Material shown Block Start

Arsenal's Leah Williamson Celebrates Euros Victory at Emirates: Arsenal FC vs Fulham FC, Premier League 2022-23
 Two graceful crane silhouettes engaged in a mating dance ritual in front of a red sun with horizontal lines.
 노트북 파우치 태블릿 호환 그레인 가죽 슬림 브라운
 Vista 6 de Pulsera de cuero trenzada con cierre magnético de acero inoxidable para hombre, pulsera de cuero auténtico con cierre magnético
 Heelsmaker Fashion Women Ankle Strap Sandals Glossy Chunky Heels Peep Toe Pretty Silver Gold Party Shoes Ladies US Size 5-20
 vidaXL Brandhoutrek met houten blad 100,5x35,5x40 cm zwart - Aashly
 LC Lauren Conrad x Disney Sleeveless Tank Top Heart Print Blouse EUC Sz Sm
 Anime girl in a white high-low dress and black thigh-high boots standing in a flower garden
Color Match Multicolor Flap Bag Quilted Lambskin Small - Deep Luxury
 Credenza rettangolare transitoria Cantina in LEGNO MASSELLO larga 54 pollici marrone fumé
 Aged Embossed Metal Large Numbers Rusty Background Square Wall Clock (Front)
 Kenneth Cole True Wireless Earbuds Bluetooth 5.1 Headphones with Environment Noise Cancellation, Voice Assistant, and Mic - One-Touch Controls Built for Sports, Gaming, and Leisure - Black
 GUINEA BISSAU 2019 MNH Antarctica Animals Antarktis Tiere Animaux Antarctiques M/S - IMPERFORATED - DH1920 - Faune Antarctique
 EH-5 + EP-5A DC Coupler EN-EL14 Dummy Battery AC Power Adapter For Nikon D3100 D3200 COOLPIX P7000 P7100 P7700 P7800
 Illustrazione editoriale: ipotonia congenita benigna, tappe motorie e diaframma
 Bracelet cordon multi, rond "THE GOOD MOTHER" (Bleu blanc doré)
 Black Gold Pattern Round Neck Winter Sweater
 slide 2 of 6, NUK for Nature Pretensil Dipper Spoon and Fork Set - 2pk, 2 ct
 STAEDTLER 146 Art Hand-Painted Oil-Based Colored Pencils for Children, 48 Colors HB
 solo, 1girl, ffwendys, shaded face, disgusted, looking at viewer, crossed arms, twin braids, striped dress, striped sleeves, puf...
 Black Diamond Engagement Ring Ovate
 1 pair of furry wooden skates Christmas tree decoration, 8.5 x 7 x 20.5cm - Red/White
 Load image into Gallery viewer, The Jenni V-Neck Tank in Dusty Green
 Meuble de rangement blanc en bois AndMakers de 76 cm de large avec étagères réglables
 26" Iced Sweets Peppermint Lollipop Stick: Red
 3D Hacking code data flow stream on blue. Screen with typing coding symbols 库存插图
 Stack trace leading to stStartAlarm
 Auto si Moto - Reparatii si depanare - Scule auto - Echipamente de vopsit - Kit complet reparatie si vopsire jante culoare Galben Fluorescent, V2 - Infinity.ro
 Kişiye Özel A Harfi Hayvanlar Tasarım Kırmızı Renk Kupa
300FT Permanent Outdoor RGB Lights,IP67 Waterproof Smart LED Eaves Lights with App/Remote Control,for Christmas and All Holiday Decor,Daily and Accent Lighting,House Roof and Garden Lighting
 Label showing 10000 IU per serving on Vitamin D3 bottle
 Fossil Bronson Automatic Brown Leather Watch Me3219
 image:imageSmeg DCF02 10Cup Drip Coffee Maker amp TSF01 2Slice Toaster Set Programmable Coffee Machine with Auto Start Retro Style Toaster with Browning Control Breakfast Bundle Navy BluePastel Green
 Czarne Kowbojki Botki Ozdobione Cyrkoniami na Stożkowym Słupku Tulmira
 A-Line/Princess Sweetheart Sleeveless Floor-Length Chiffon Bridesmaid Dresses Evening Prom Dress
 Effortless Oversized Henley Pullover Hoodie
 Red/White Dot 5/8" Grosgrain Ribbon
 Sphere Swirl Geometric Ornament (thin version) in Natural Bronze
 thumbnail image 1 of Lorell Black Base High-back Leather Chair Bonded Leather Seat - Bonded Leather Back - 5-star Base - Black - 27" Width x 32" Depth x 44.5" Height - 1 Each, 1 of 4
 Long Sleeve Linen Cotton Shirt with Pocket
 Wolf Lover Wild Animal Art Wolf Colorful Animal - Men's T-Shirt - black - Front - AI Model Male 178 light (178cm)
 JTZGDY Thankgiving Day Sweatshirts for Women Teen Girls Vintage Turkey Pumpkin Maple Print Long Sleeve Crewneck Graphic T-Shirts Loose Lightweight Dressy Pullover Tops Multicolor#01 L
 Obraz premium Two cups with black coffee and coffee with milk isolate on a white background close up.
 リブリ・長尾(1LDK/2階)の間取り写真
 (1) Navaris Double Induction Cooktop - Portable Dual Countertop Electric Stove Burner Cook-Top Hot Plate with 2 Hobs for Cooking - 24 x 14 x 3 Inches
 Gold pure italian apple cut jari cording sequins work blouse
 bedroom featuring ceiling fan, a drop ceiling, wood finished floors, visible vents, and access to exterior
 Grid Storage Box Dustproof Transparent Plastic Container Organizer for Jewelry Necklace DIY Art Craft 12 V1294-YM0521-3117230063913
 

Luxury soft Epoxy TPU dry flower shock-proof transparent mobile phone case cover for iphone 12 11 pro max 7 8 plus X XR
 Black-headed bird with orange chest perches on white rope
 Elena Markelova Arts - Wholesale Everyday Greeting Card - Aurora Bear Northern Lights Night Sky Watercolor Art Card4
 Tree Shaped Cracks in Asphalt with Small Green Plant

Material shown Block End

# Exercise details:
Only lines with the word "Small" are wanted; pull each of them from the records.

# Response area:
Color Match Multicolor Flap Bag Quilted Lambskin Small - Deep Luxury
 Tree Shaped Cracks in Asphalt with Small Green Plant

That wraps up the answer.